Au plan social et sociétal, le pays a d’abord réussi jusqu’ici à rester en dehors des attaques terroristes au contraire de la grande majorité de ses voisins. Il continue aussi à éviter les antagonismes religieux et ethniques prononcés, grâce à une politique de tolérance qui lui est reconnue. Il est également caractérisé de longue date par une stabilité politique rarement menacée et toujours sauvegardée, qui rassure les investisseurs comme la population. Il bénéficie enfin d’un système éducatif dont la qualité est appréciée et d’une bonne capacité à mêler l’ouverture à la modernité et le respect des traditions

Réélu pour cinq ans, Macky Sall dispose ainsi d’un « momentum » favorable fondé sur cet ensemble composite de données anciennes et nouvelles.  Au vu des quelques jours écoulés, son premier devoir, et non le plus facile, sera d’obtenir une accalmie des relations avec ses principaux opposants. C’est aussi son intérêt primordial s’il veut rétablir dans le pays la confiance et l’adhésion sans lesquelles rien ne sera possible. Il lui faudra aussi progresser dans les dossiers encore en suspens, tels un total apaisement en Casamance, une normalisation des relations avec la Gambie, la remise en route du chemin de fer Dakar/Bamako et le renforcement des liens commerciaux avec le Mali.  La diversité de ces défis montre que le chemin n’est pas sans embuches.
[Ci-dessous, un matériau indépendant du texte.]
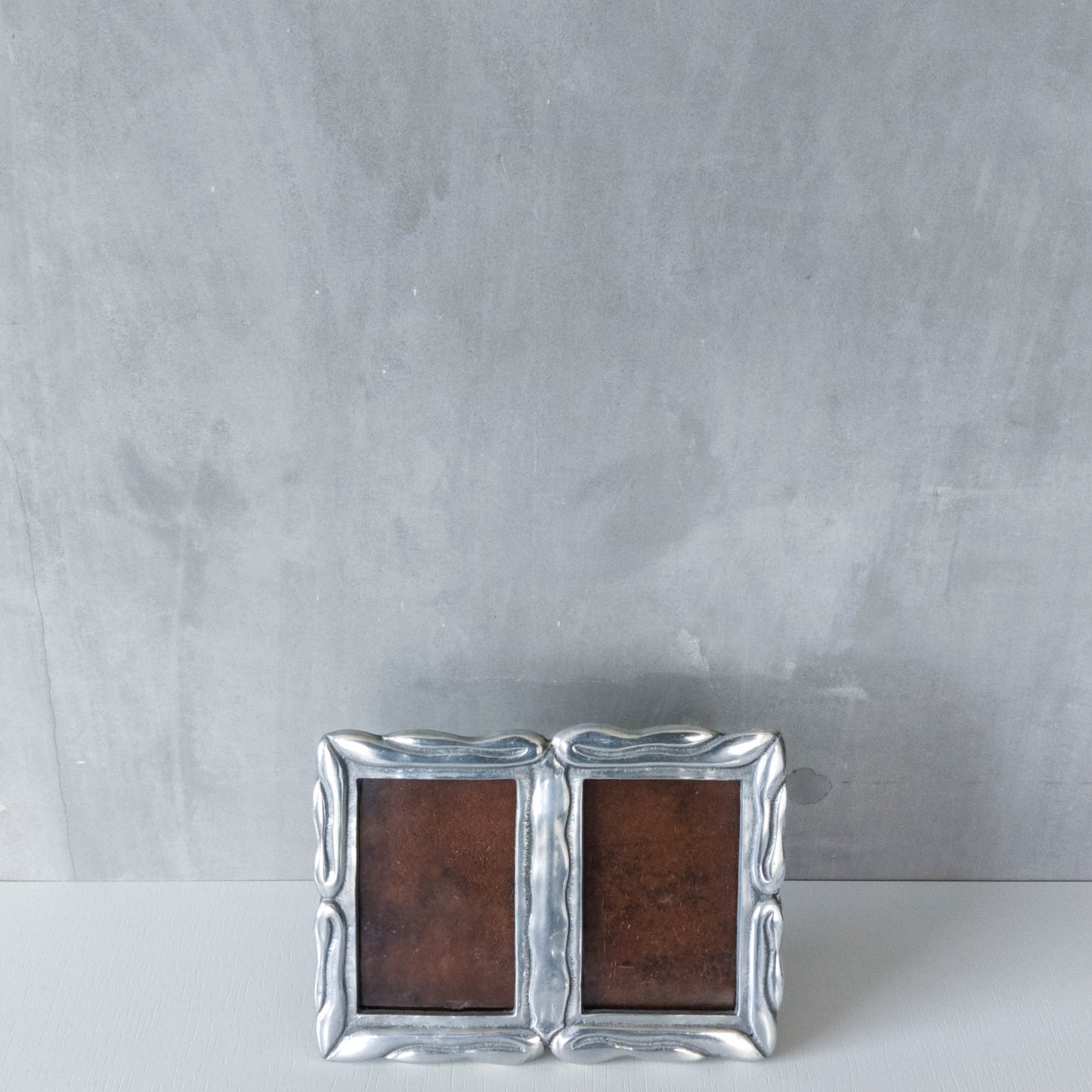 Vintage 1990s cast aluminium organic modernist form double picture photo frame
Il conviendra par ailleurs de surveiller l’endettement public, désormais  au-delà des 60% du PIB, pour éviter de perdre la crédibilité internationale que le pays a regagnée comme le prouvent ses récentes émissions d’emprunts internationaux. La meilleure protection contre ce risque sera d’élever le taux de croissance du PIB en exploitant avec la plus grande rigueur la nouvelle manne pétrolière et gazière et en accélérant en même temps l’élargissement de la base de l’appareil économique pour éviter le « syndrome hollandais ». Les questions de la poussée démographique et de l’importante émigration sont aussi d’actualité. Leur solution au moins partielle réside dans un accroissement massif de la création d’emplois, de préférence formels, et une hausse rapide du revenu moyen par tête, eux aussi dépendants de la croissance obtenue. Pour ce faire, les succès médiatisés du Sénégal en matière de start-ups et de nouvelles technologies ne suffiront pas, au moins à court terme. Les activités agricoles, industrielles, touristiques, de services divers devront toutes connaitre un important développement pour offrir des embauches en quantité et en qualité suffisante, et rendre crédible une « Emergence » qu’on espère voir poindre  à l’horizon.
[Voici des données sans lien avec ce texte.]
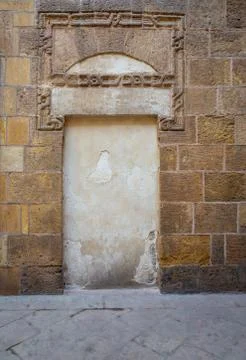 Recessed frame in an old stone bricks wall Stock Photos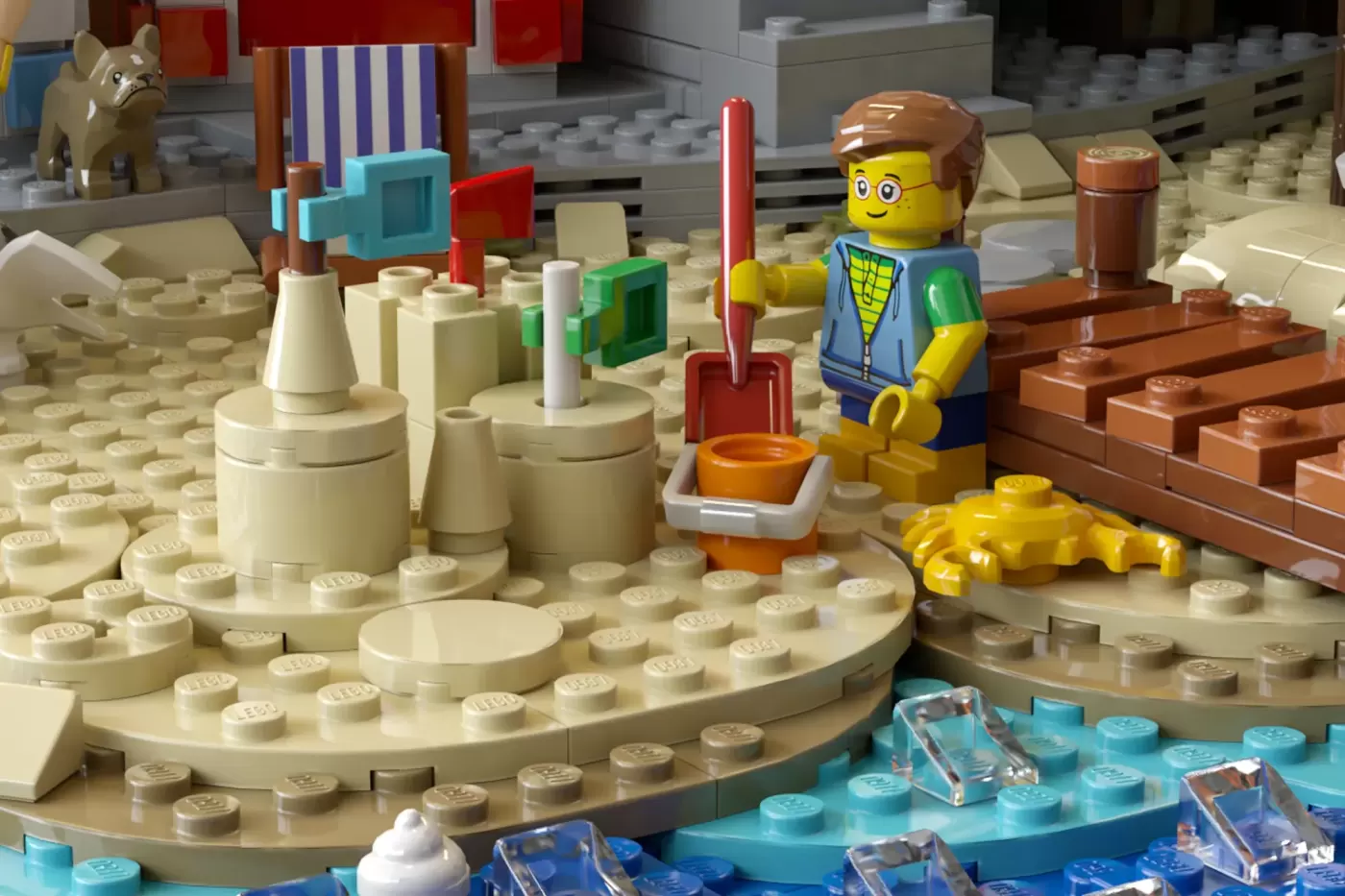 LEGO Victorian pier scene with minifigure worker, sand baseplate, seaside structures, and beach accessories.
Le challenge est redoutable. Le Président élu aura à confirmer sa capacité de conception à long terme de l’avenir possible du Sénégal et à tenir bon le gouvernail afin de réaliser les programmes d’actions nécessaires, mais souvent difficiles, pour atteindre l’objectif qu’il promet au peuple sénégalais. Il lui faudra lutter contre les inévitables inerties à l’intérieur, restreindre autant que possible la corruption toujours aux aguets et ses effets néfastes, combattre tous ceux que gênerait une telle transformation du pays et faire preuve d’une ténacité à toute épreuve. Il devra convaincre et rassembler pour mobiliser la nation dans cette course au progrès. Il a cependant la chance que le pays dispose de marges de manoeuvre nouvelles d’une ampleur inespérée, qui viennent compléter des points forts déjà connus. Il lui revient donc d’exploiter au mieux et au plus vite ce contexte positif.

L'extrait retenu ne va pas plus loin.